Our ongoing series has been on "The Kingdom has come," and we've seen over the past several weeks how Jesus Christ, the Messianic King, has come to usher in the kingdom of God into our present reality. We've seen that both Jesus' teaching and his miracles proclaim the arrival of this kingdom. Therefore, every miracle has a purpose. The miracle in this story proclaims the freedom from bondage that Jesus achieves for us in his kingdom. We'll see that we are freed from bondage in the spirit, and that we are freed from bondage to the law, and ultimately we are freed so that we may respond with praise and rejoicing in the mighty acts of the Lord. That having been said, let's dig into the text.

"Now he was teaching in one of the synagogues on the Sabbath. And just then there appeared a woman with a spirit that had crippled her for eighteen years. She was bent over and was quite unable to stand up straight" (Luke 13:10-11).

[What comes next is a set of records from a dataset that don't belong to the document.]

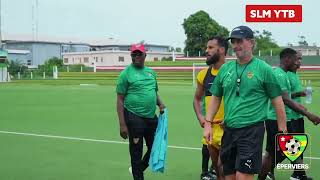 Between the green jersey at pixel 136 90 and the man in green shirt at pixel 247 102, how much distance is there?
2.08 meters

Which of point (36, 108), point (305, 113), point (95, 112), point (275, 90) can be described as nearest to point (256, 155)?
point (275, 90)

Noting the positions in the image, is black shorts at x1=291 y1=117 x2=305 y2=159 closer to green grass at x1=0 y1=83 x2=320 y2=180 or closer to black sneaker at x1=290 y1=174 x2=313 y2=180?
black sneaker at x1=290 y1=174 x2=313 y2=180

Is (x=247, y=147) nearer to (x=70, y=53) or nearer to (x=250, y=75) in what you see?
(x=250, y=75)

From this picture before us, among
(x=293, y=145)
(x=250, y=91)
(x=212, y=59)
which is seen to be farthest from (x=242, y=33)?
(x=293, y=145)

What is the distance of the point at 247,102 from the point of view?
4.98 m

Luke starts us off with Jesus teaching in the synagogue. Then he presents us with a picture of this bent over woman. If you've ever seen a woman with this condition, you know it's got to be painful. You see it most often in elderly women who didn't get enough calcium over the years. This happened to my grandmother – she was bent almost like a question mark, and the vertebrae in her spine had fused together so that she was unable to stand up straight. It's a painful condition, and the poor woman in this story endured it for 18 years.

Now notice something else. In verse 11, Luke attributes this condition to a spirit. The KJV and the old RSV translate the Greek much more explicitly, calling it a "spirit of infirmity." Luke is subtly telling us that this woman had much more than a physical problem. In this case, the pain of her condition was caused by an evil spirit. Please note that this is not demon possession like we saw with the Gerasene demoniac. Rather, this is more like the torment that Job endured when Satan afflicted his body.

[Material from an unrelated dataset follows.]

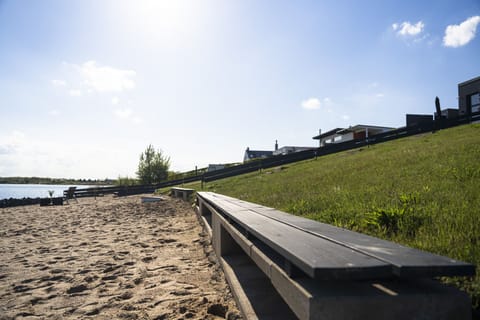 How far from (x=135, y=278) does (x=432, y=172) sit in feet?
19.0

Now look at verses 12 and 13. The woman does not call attention to herself, crying out, "Lord Jesus, have mercy on me." No. Jesus notices her, Jesus calls out to her, Jesus frees her from her bondage. By freeing this woman from the evil spirit, Jesus demonstrates his authority over the spiritual realm. He demonstrates that the new kingdom has come. He demonstrates the truth that Satan has been bound and the kingdom of God is victorious. Think back to Matthew chapter 12 when the Pharisees accused Jesus of being in league with demons. In verse 28, Jesus replies, "But if it is by the Spirit of God that I cast out demons, then the kingdom of God has come to you." Then he goes on to ask, "How can one enter a strong man's house and plunder his property without first tying up the strong man?" The strong man is Satan. Jesus has bound Satan, and Jesus unbinds those who trust in him. The kingdom has come and has freed us from spiritual bondage.

Not only have we been freed from spiritual bondage, but we've also been freed from bondage to the law. Look at verse 14. The synagogue leader responds in a very interesting way. He doesn't address Jesus; he addresses the crowd. He doesn't refute what Jesus has done; he says, "Here is my teaching." What we see is a battle of two authorities: the synagogue leader desperately trying to hold on to his control by binding the people to his narrow interpretation of the Law, and Jesus proclaiming freedom – freedom to follow the intent of the law.

Luke takes great pains to show Jesus' concern for the Sabbath. In Luke 6:1-11, Luke gives us two stories: Jesus and his disciples picking grain; and Jesus healing a man with a withered hand. In the first, Jesus declares himself Lord of the Sabbath. In the second, Jesus orients us toward the concept of doing good on the Sabbath. Later, in chapter 14:1-6, Jesus heals a man on the Sabbath and gives us the ox-in-the-ditch principle – helping those who are in need on the Sabbath.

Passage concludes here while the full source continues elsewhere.